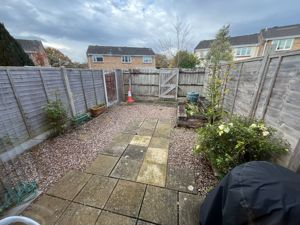 Photo 6- click for photo gallery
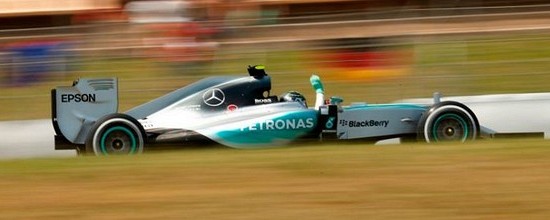 Espagne-Course-Nico-Rosberg-prend-sa-revanche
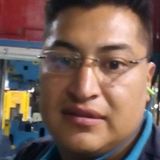 Roko from Puebla de Zaragoza | Man | 39 years old | Leo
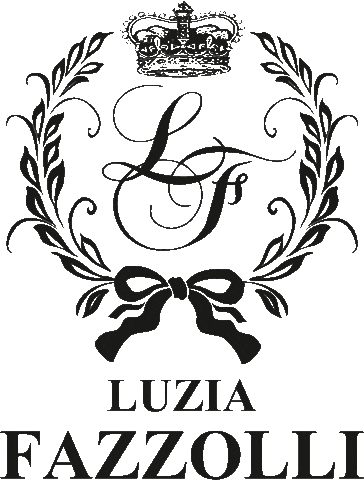 luziafazzollibrand Sticker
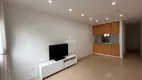 Foto 2 de Apartamento com 1 Quarto à venda, 63m² em Jardim Paulista, São Paulo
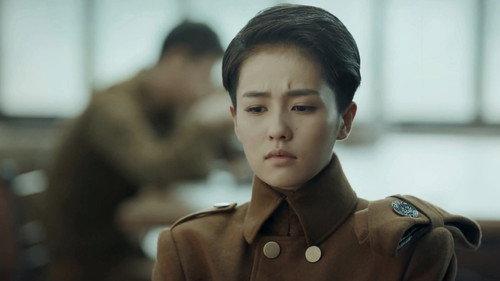 Arsenal Military Academy Season 1 Episode 8 - Episode 8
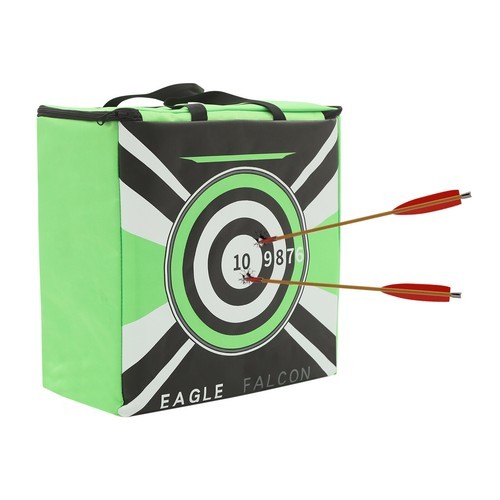 Reusable Arrow Target Target Archery Crossbow Shooting Target USA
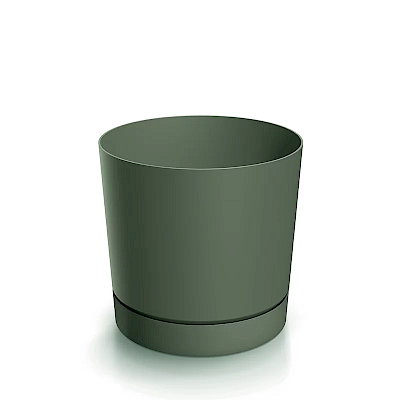 DPOP600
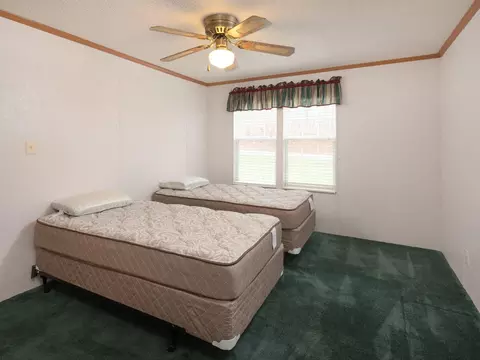 7410 Runyan Rd, Georgetown, TN 37336 photo 16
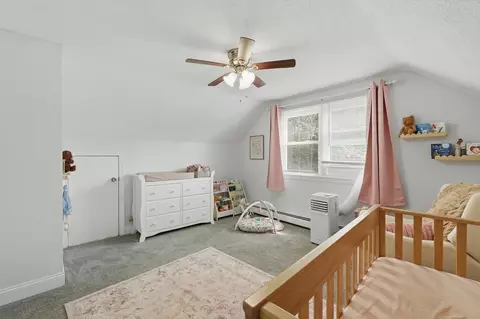 134 Hathaway Commons Rd, Fall River, MA 02720 photo 34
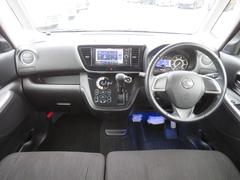 �ǥ����롼���� �ϥ����������������ء����饦��ɥӥ塼���ţԣá���ǯ�ݾ� 0803707A30260123W002 5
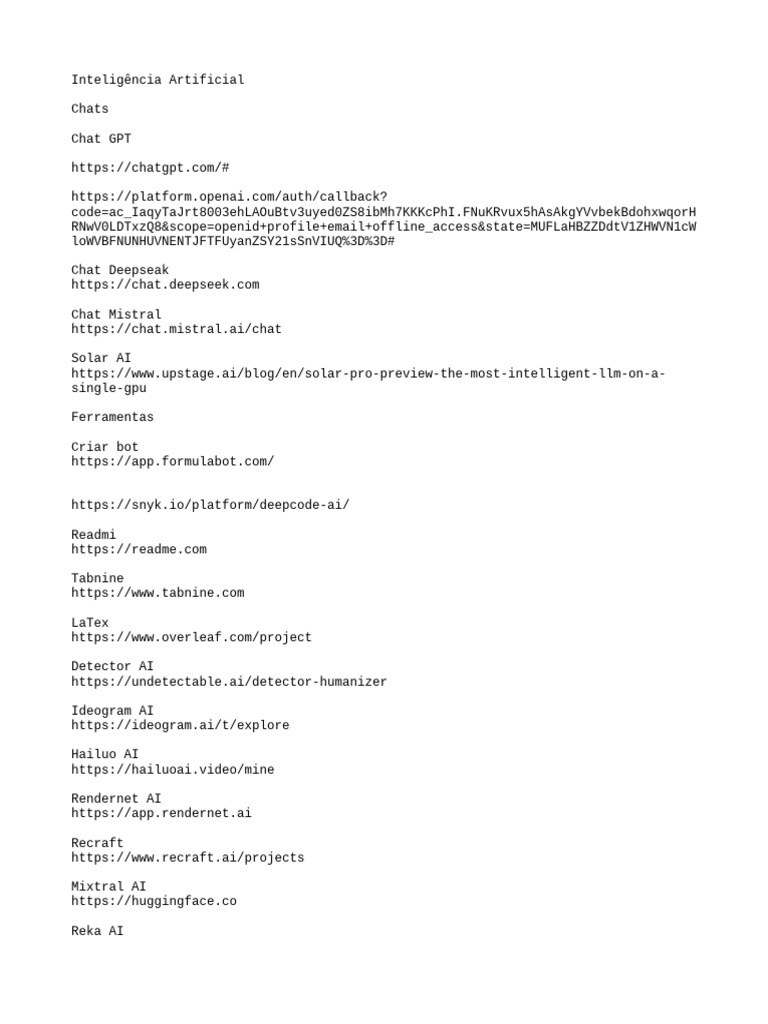 Note 2025-01-28 02-01-21 | PDF | Artificial Intelligence | Intelligence ...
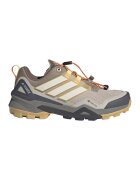 adidas Performance Хайкинг обувки Terrex Skychaser - Светло сив/Сиво-кафяв/Въглен сиво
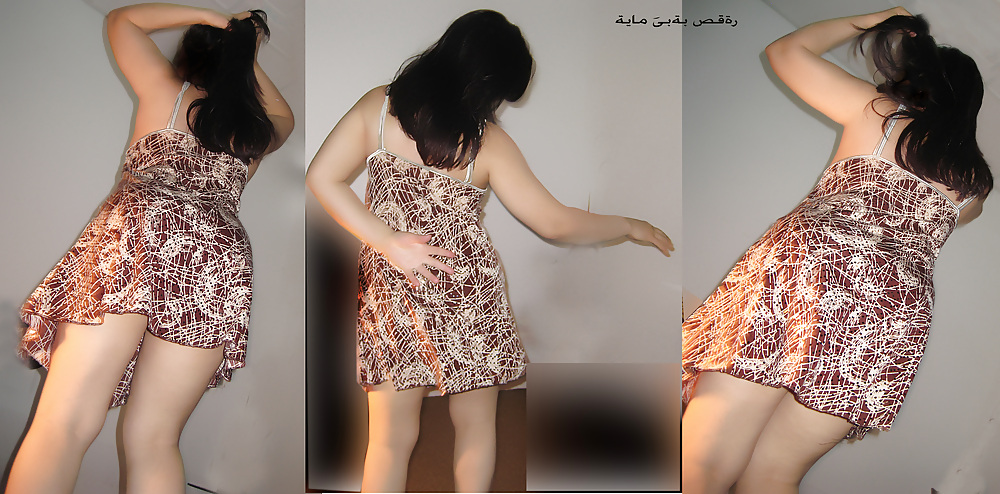 Aaaaaah enjoy my newest photos with your sweet comments #25077309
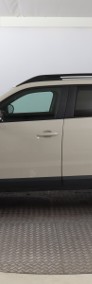 Dacia Duster I , Salon Polska, 1. Właściciel, Serwis ASO, Klimatronic,-4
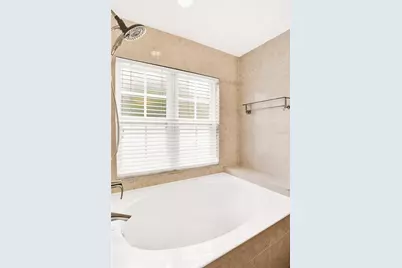 1866 Bobtail Drive, Maitland, FL 32751 - Photo 20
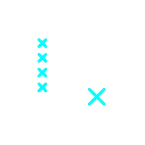 perfect-proofreading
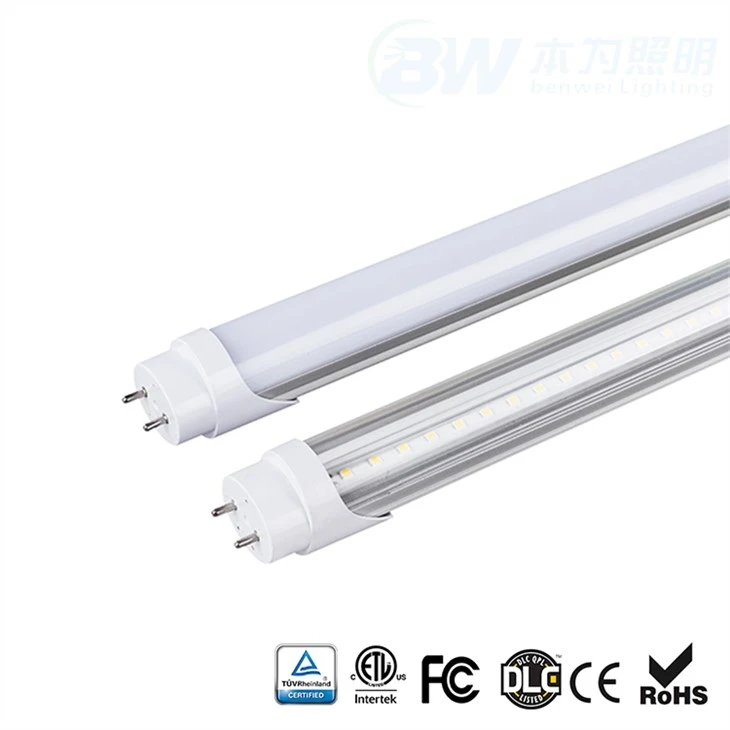 Oświetlenie LED 24 Vv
───
* **Problem statement**:
Omit the pictures and write out the remaining data exactly.

* **Reply**:
 Photo 6- click for photo gallery
 Espagne-Course-Nico-Rosberg-prend-sa-revanche
 Roko from Puebla de Zaragoza | Man | 39 years old | Leo
 luziafazzollibrand Sticker
 Foto 2 de Apartamento com 1 Quarto à venda, 63m² em Jardim Paulista, São Paulo
 Arsenal Military Academy Season 1 Episode 8 - Episode 8
 Reusable Arrow Target Target Archery Crossbow Shooting Target USA
 DPOP600
 7410 Runyan Rd, Georgetown, TN 37336 photo 16
 134 Hathaway Commons Rd, Fall River, MA 02720 photo 34
 �ǥ����롼���� �ϥ����������������ء����饦��ɥӥ塼���ţԣá���ǯ�ݾ� 0803707A30260123W002 5
 Note 2025-01-28 02-01-21 | PDF | Artificial Intelligence | Intelligence ...
 adidas Performance Хайкинг обувки Terrex Skychaser - Светло сив/Сиво-кафяв/Въглен сиво
 Aaaaaah enjoy my newest photos with your sweet comments #25077309
 Dacia Duster I , Salon Polska, 1. Właściciel, Serwis ASO, Klimatronic,-4
 1866 Bobtail Drive, Maitland, FL 32751 - Photo 20
 perfect-proofreading
 Oświetlenie LED 24 Vv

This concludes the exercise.